Karadeniz'in hırçın dalgalarının kıyıya vurduğu, yemyeşil tepelerin göğe uzandığı Giresun, sadece doğanın cömertliğini değil, yüzyıllardır süregelen, toprağın ve denizin hediyeleriyle yoğrulmuş özgün bir mutfak kültürünü de bağrında saklıyor. İşte bu kadim lezzetler, yörenin bereketli coğrafyasından filizlenen otlar, mis kokulu meyveler ve doğal ürünlerle harmanlanarak ortaya çıkan, eşsiz bir vejetaryen zenginliğe ev sahipliği yapıyor. Bu benzersiz mirası tüm dünyaya duyurma ve tattırma hayaliyle yola çıkan "3. Giresun'un Yeşil Lezzetleri Festivali", Giresun Turizm Platformu'nun TÜRES Giresun Başkanı Şevket Alaaddinoğlu'nun önderliğinde, geçtiğimiz hafta sonu (24-26 Mayıs 2025) adeta bir coşku seliyle gerçekleşti.

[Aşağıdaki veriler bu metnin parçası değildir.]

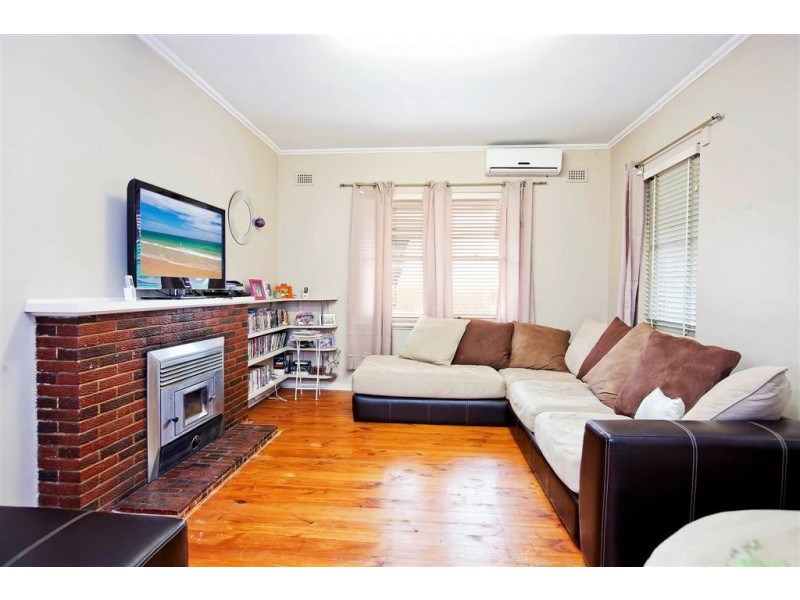 5 Arooma Street, Findon SA 5023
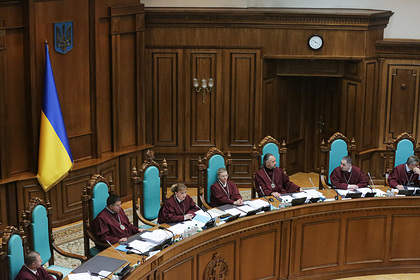 На Украине отложили вопрос о судьбе закона о люстрации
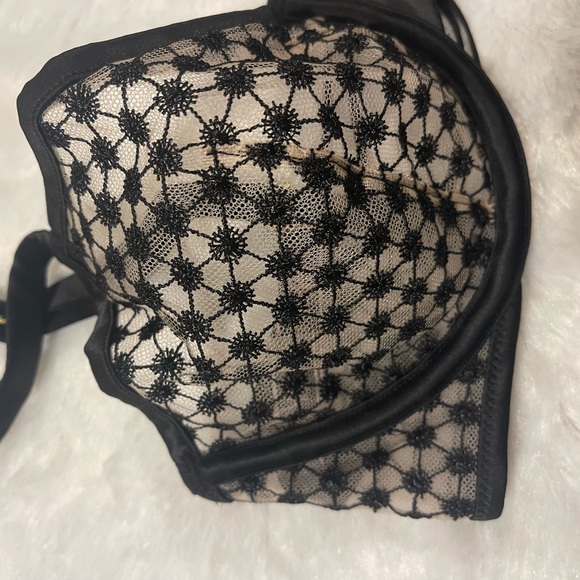 NWT Very Sexy Unlined Demi Bra - Picture 4 of 4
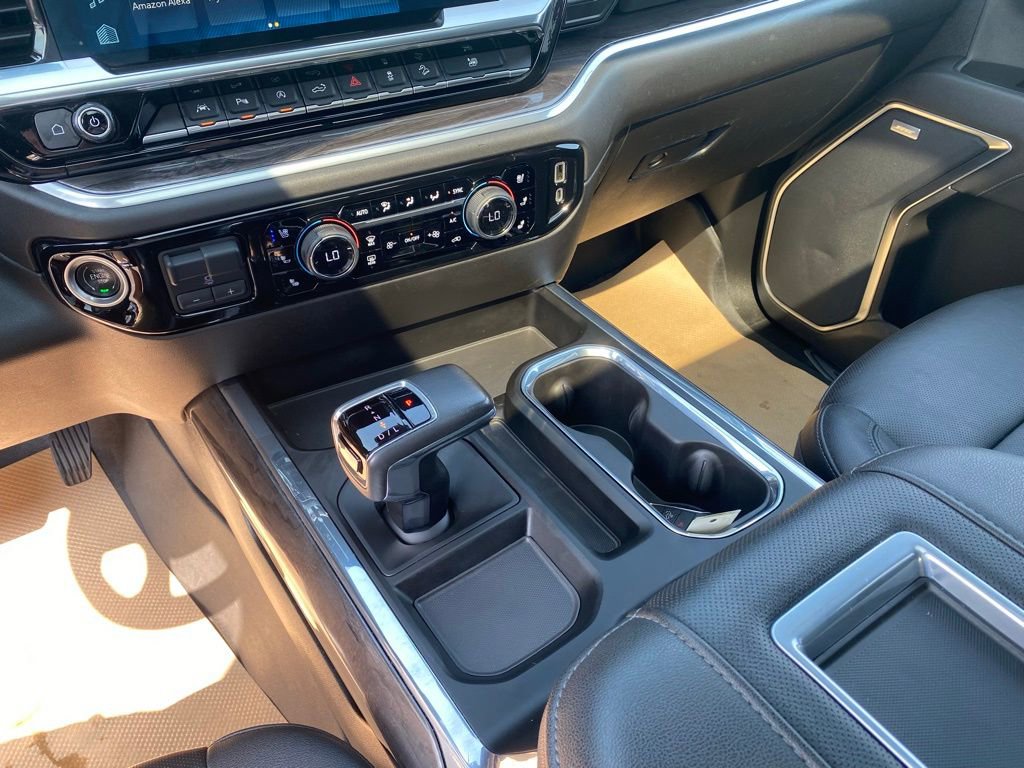 Used 2022 Chevrolet Silverado 1500 LTZ w/ Technology Package image 20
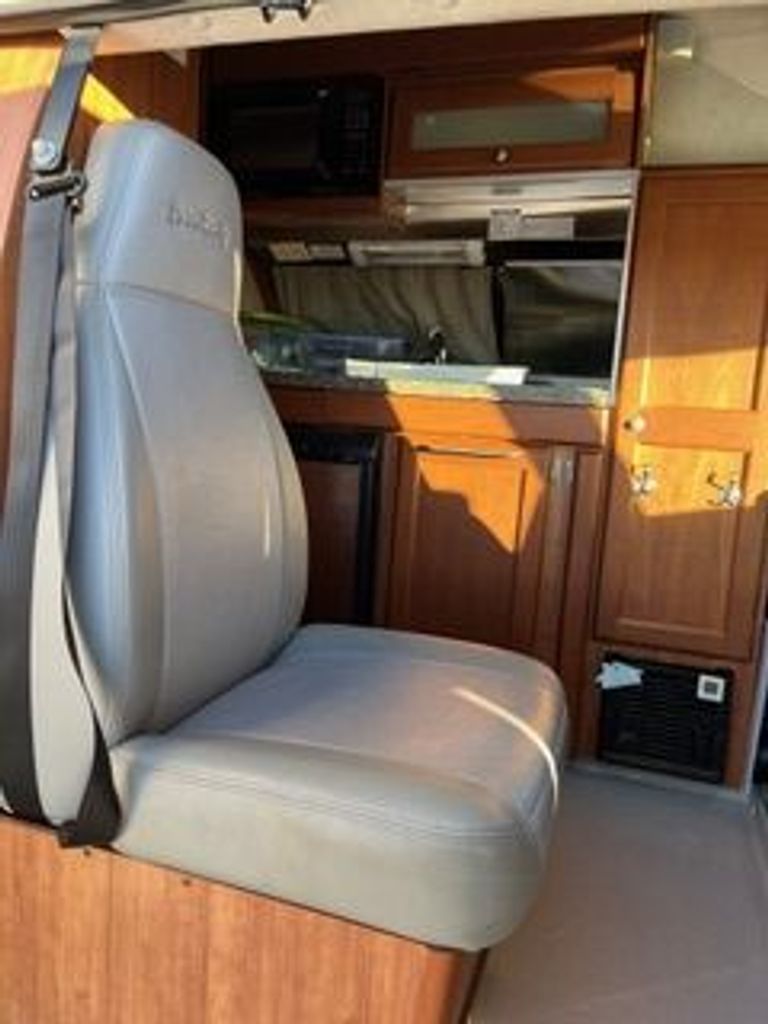 ソファー 2010 Roadtrek Popular 190 - National Vehicle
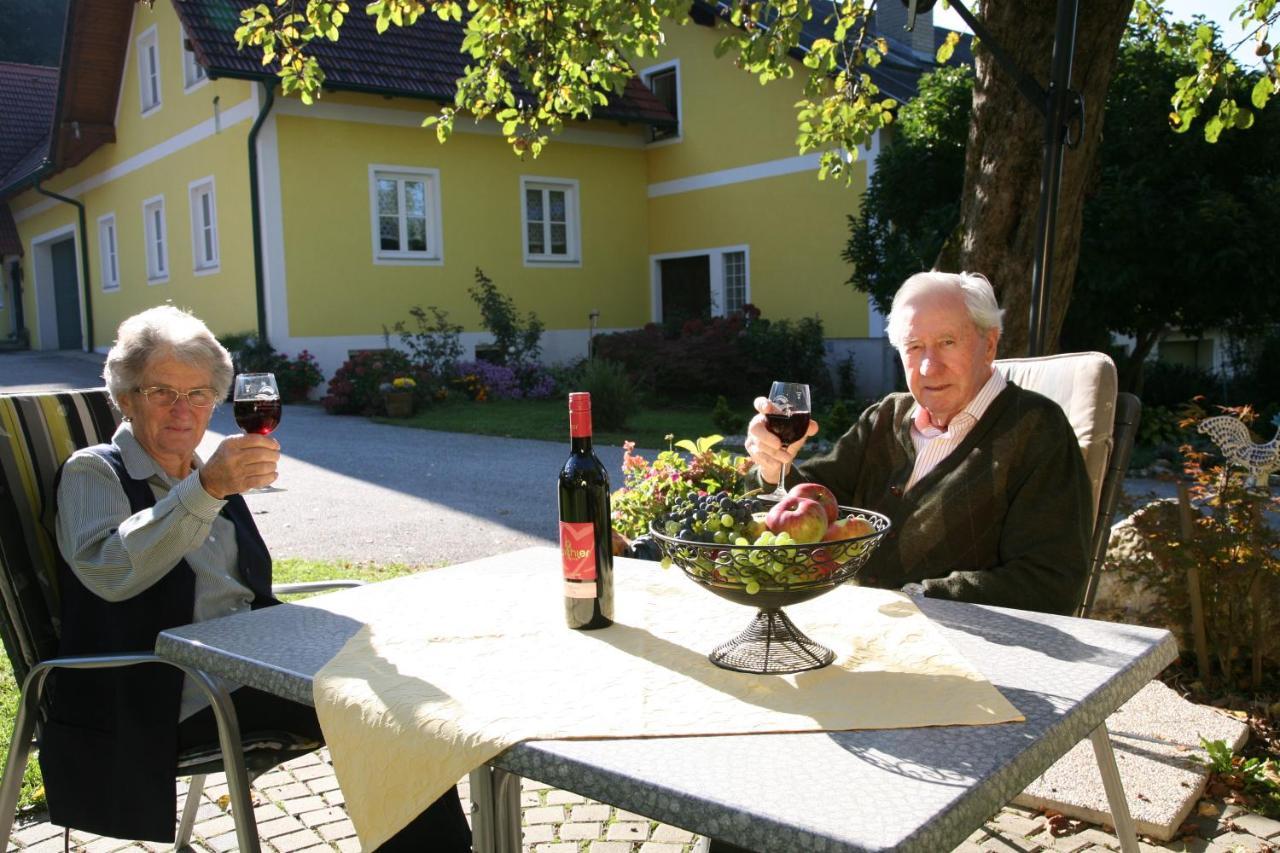 Frühstückspension Krump Bad Waltersdorf Exterior foto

Festivalin kalbine yolculuk yaptığımızda, Atatürk Meydanı'nda kurulan rengarenk stantlar, adeta Giresun'un doğal dükkanlarının birer yansıması gibiydi. Bu stantlarda, yörenin dört bir yanından özenle toplanmış taze otlar, el yapımı reçeller, doğal ballar ve daha nice yerel ürün, ziyaretçilerin ilgi odağı oldu.
Festivalin açılış günü, Debboy mevkiinden başlayan görkemli bir yürüyüşle başladı. Yöresel kıyafetler içindeki insanlar, neşeyle çalan tulum sesleri eşliğinde Gazi Caddesi boyunca ilerleyerek Atatürk Meydanı'na ulaştılar.

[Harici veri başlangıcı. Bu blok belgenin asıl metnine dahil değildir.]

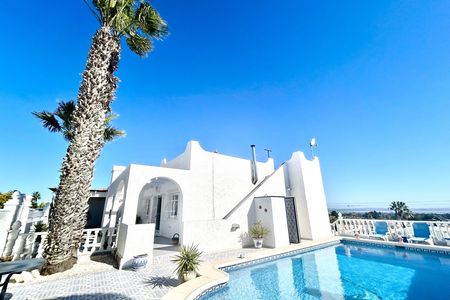 Villa in Villamartin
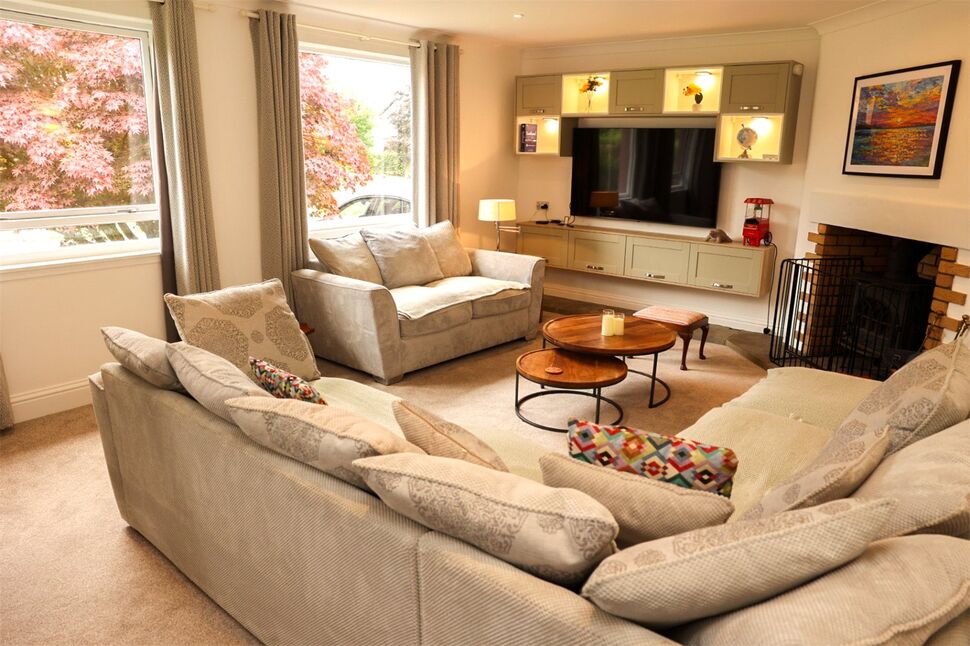 Lounge / Dining Area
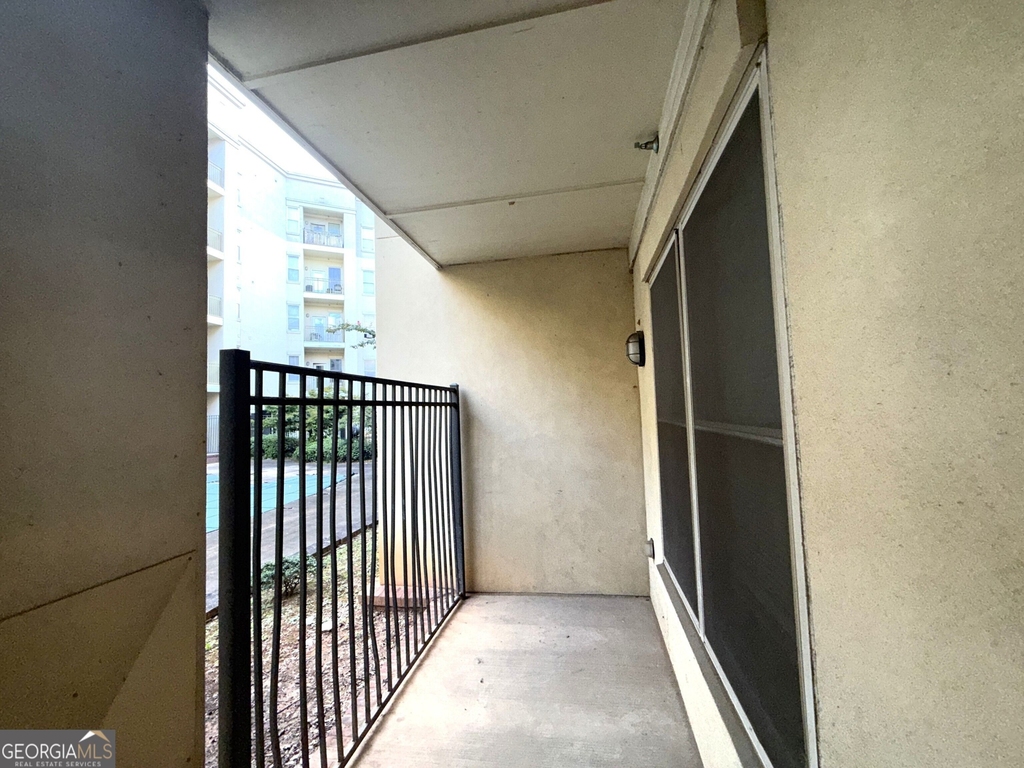 870 Mayson Turner Road Nw - Photo 1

Meydanda kurulan lezzet sahnesinde ise Türkiye'nin önde gelen şefleri, Giresun'un bu sıra dışı vejetaryen mutfağının inceliklerini katılımcılarla paylaştılar. Yöresel otların ustaca kullanıldığı tarifler, damaklarda unutulmaz tatlar bırakırken, şeflerin anlattığı hikayeler ise bu mutfağın köklerine doğru keyifli bir yolculuk yapmamızı sağladı. Özellikle festivalin ilk gününe damgasını vuran ısırgan otu temalı yaratıcı yemek yarışması, bu mütevazı otun Giresunlu ustaların ellerinde nasıl bir lezzet şölenine dönüştüğünü gözler önüne serdi. Ünlü şeflerin jüriliğiyle gerçekleşen bu yarışma, hem geleneksel tariflere saygı duruşu niteliğindeydi hem de yeni ve yenilikçi yaklaşımlara kapı aralıyordu.

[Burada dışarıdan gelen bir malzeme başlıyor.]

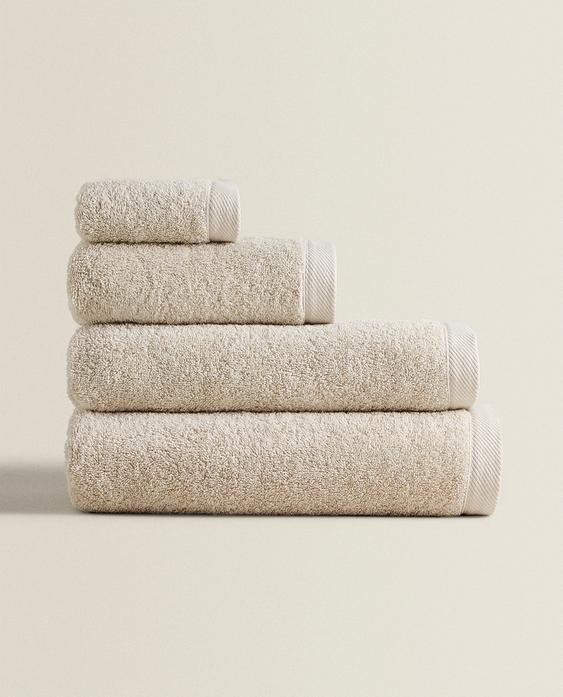 PLAIN COTTON TERRY BATH TOWEL (500 GXM²) PLAIN COTTON TERRY BATH TOWEL (500 GXM²)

Festival alanında kurulan stantlar'da üreticiler, kendi elleriyle yetiştirdikleri ve hazırladıkları ürünleri doğrudan tüketiciyle buluşturma fırsatı yakaladılar.
Festivalin ikinci günü ise bambaşka bir deneyimle taçlandı. Giresun'un bir diğer kıymetli hazinesi olan çayın izini sürmek için Eynesil Ören beldesindeki yemyeşil çay bahçelerine doğru yola çıktık. "Amber Çay Hasat Şenliği", çay yapraklarının o kendine has kokusu eşliğinde, tarladan bardağa uzanan meşakkatli ama bir o kadar da keyifli yolculuğuna dokunaklı bir tanıklıktı.
Giresun Turizm Platformu Başkanı Şevket Alaaddinoğlu, festivalin sadece bir yemek etkinliği olmadığını, aynı zamanda Giresun'un doğal güzelliklerini, kültürel zenginliklerini ve en önemlisi de bu topraklarda yeşeren eşsiz lezzetleri tüm dünyaya tanıtma misyonunu taşıdığını her fırsatta dile getirdi. Doğal Dükkan konsepti ise bu misyonun somut bir örneği olarak festivalin özgün kimliğine önemli bir katkı sağladı.